Loloi began the project in 2006 claiming he had always been fascinated with overweight women. He met models at events across the US that promoted size acceptance, as well as from the Big Beautiful Women community.

"I didn't have to do anything special to entice them into participating," he told Newsweek. "When your idea matches someone's belief, it just happens."

Loloi says he focused on women's "fullness and femininity" in a protest against discrimination promoted by the media and society.

But critics of his work said he was promoting an extremely unhealthy lifestyle. His models weigh between 350lbs and 600lbs (160-270kg) and many are morbidly obese.

In the US, over a third of adults are considered obese and one in five deaths are linked to being extremely overweight.

Loloi, 37, said: "Women of size have always fascinated me. I had a very strong drive to show something that normally people don't get to see. I like the serenity of the models I portrayed and to me their shapes are the most interesting thing I have seen in my life.
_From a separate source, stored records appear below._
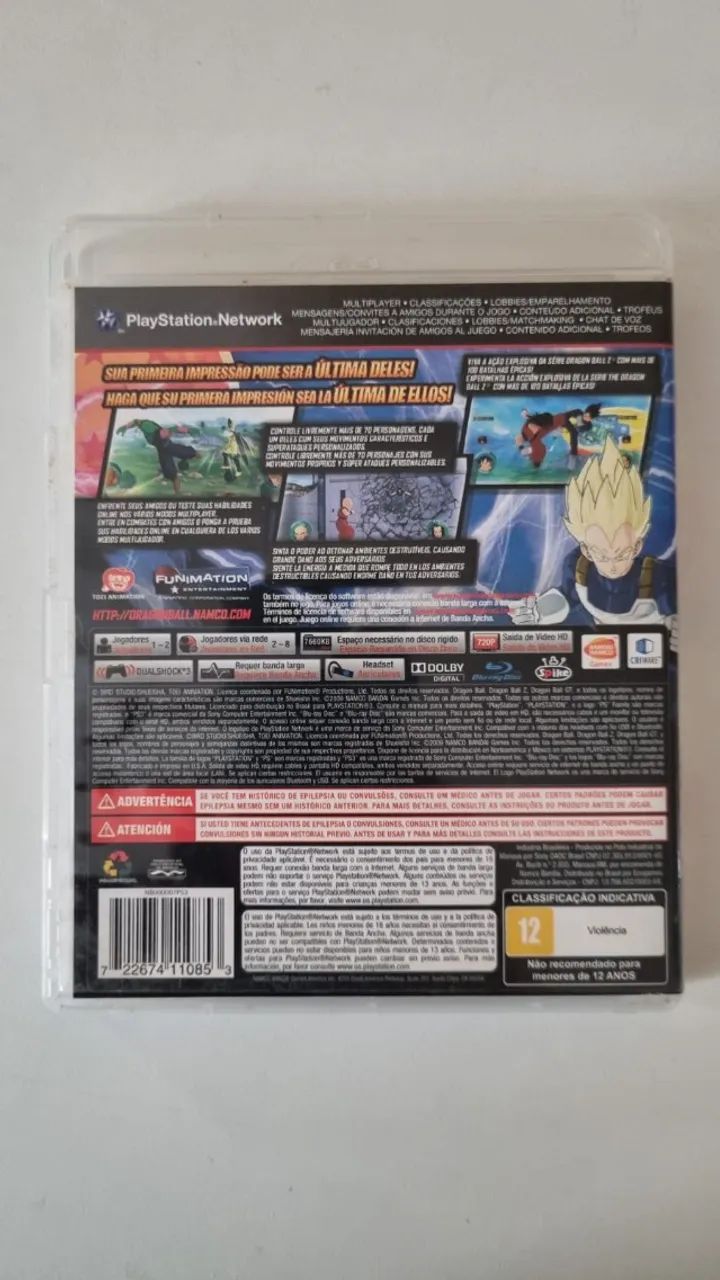 Jogo Dragonball Raging Blast PS3 Mídia Física Original Impecável Usado - Foto 2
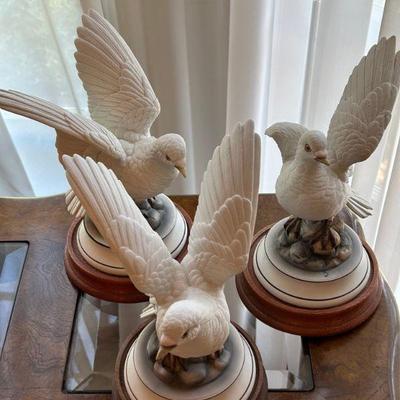 Andrea Sadek Porcelain White Doves 9" w/ Wood Base 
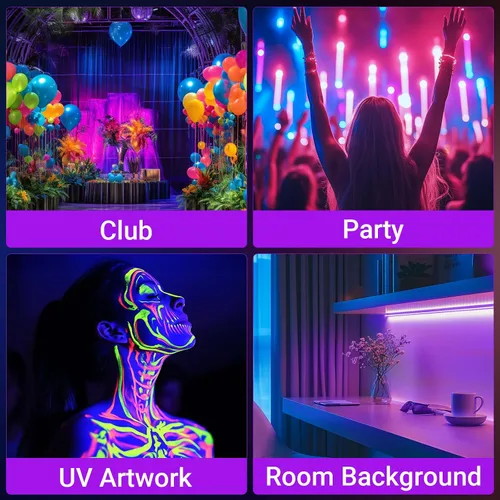 Miniatura 6 de Barra de Luz Negra LED de 38W Barras de Luz Negra con Enchufe e Interruptor Ilumina Área de 22x22 pies para Fiesta Fluorescente Fiestas de Halloween
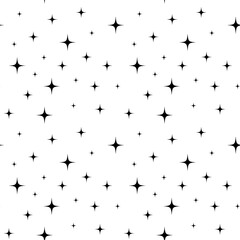 Monochrome seamless pattern with black stars on white background. Stock vector illustration.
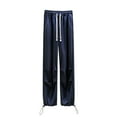 thumbnail image 2 of ctdiral Women's Stretch Sweatpants Fall Cotton Thin Long Pants with Pockets Solid Color Drawstring Wide Leg Pants High Waisted Lightweight Lounge Pants Dark Blue S, 2 of 4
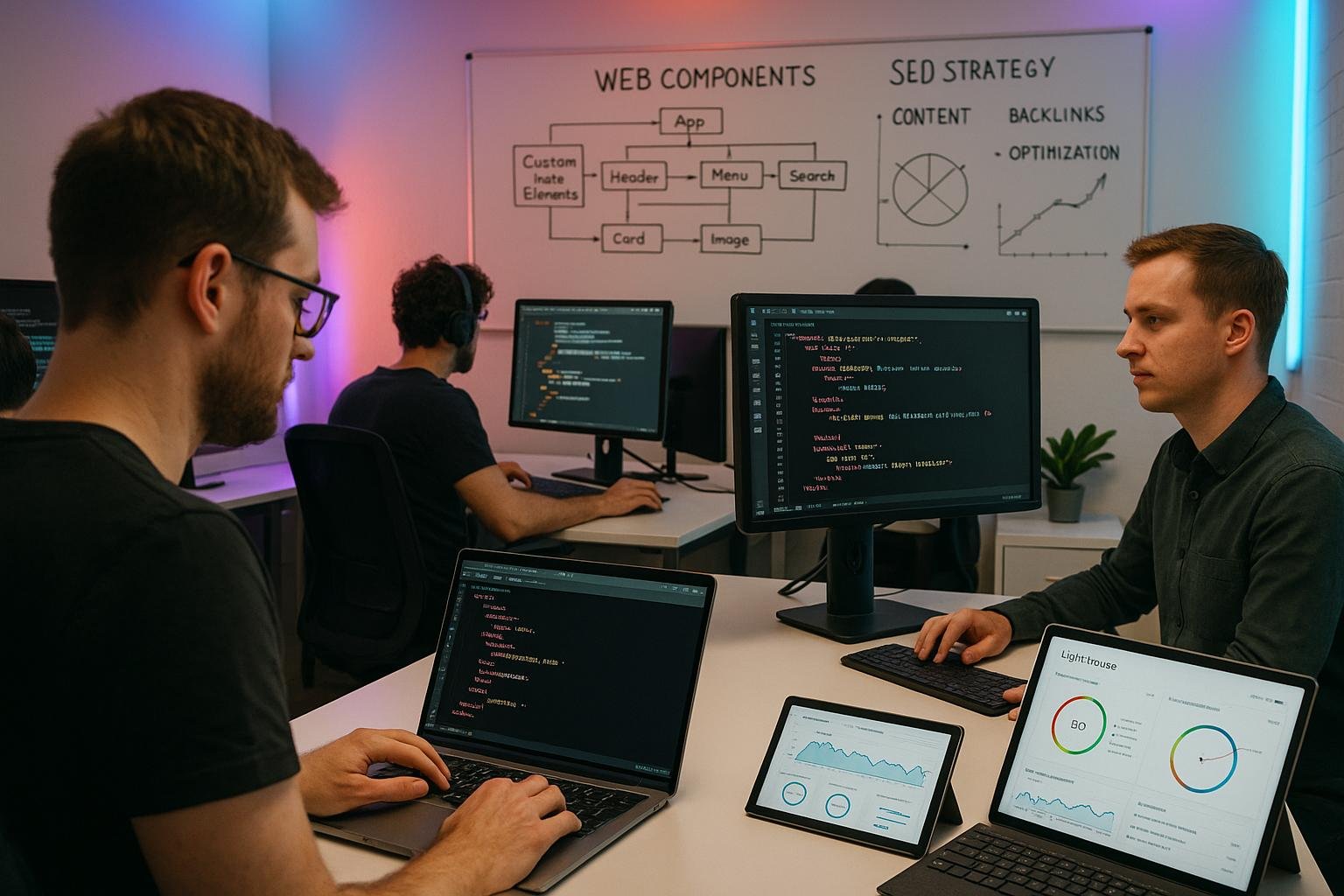 Modernes Webentwicklungsstudio mit Entwicklern, Codezeilen, Diagrammen und Whiteboard, das Web Components und SEO-Strategien zeigt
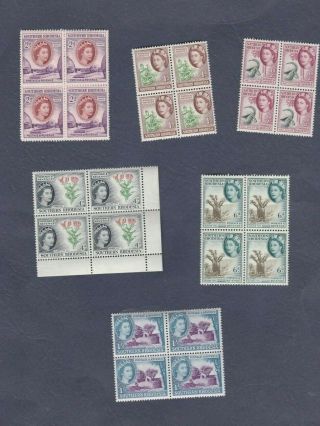 Stamps Southern Rhodesia Queen 1953 6 Blocks 81 - 84,  86 & 88,  Mnh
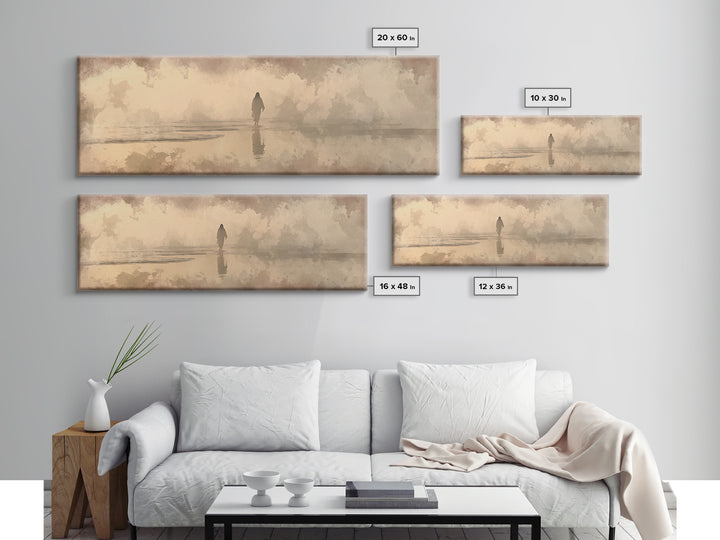 Desert Dawn Path – Framed Canvas Print – Christian Wall Art – Jesus Painting – Panoramic Art – Christian Art Canvas – Christmas Art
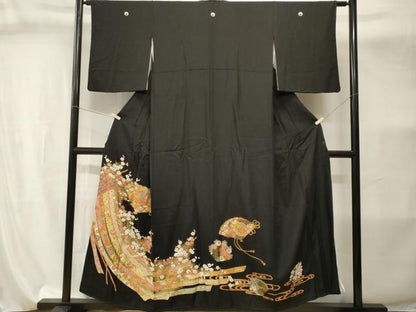 平和屋着物■豪華黒鳶色　几帳檜扇御所車花文　金彩　正絹　逸品　CABI8108ev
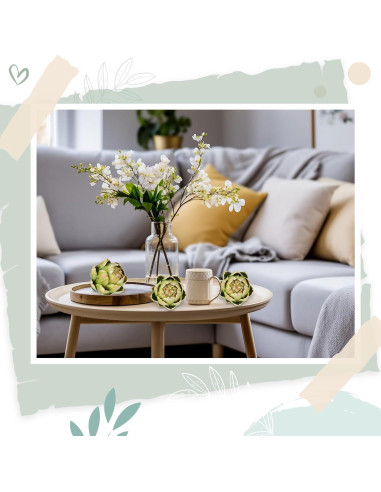 Alcachofas Artificiales Verdes Timgle - 2 Pcs Grande Decoración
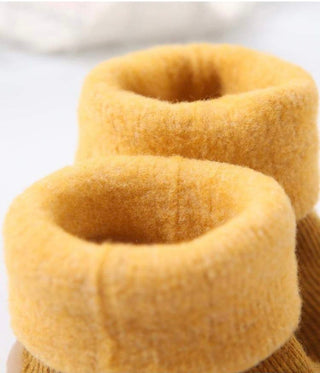 Toddler Sock Shoes with Rubber Soles | Fleece Winter Barefoot Shoes Gripper Sock Shoes ozznekshoes Size With Age: 6 - 12 Months Color: Pumpkin spice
"The women depicted are targets of societal backlash, but they are strong. They fight for acceptance in a world that doesn't approve of the slightest bulging of a love handle, let alone morbid obesity or the possibility that some people find beauty in all those things women spend thousands of dollars on every year trying to erase.

"The more people accuse me of promoting fat, the more I understand that there is more work to be done to remind people that we are beautiful because we are different. Why is showing a nude fat women labelled a provocation, but seeing a 'fit' model nude on a magazine is not?"

Explaining the project on his website, Loloi said he sees larger women as a "different form of beauty".

"There are several ways to what is perceived as beauty, it is not measurable and has not got a standard size," he said. "I photograph my models nude and serene, to create a comfortable, proud and constructive representation of themselves in front of the viewer.